═══ Material shown ═══
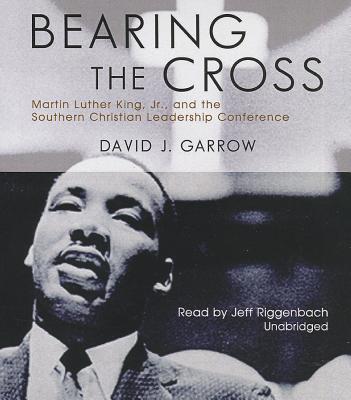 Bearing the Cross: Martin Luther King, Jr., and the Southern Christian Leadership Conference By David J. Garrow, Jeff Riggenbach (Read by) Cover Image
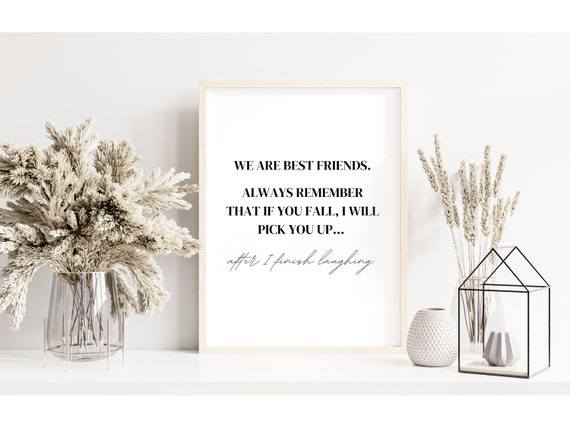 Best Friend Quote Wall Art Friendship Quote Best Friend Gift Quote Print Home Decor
═══
═══ Material shown ═══
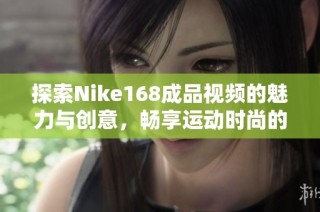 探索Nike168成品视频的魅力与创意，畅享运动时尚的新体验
═══
**Work to complete**: Leave out every picture, and copy exactly the lines above starting at the one holding "Bearing the Cross: Martin" and ending at the one holding "Best Friend Quote", no more and no less.

**Solution**:
 Bearing the Cross: Martin Luther King, Jr., and the Southern Christian Leadership Conference By David J. Garrow, Jeff Riggenbach (Read by) Cover Image
 Best Friend Quote Wall Art Friendship Quote Best Friend Gift Quote Print Home Decor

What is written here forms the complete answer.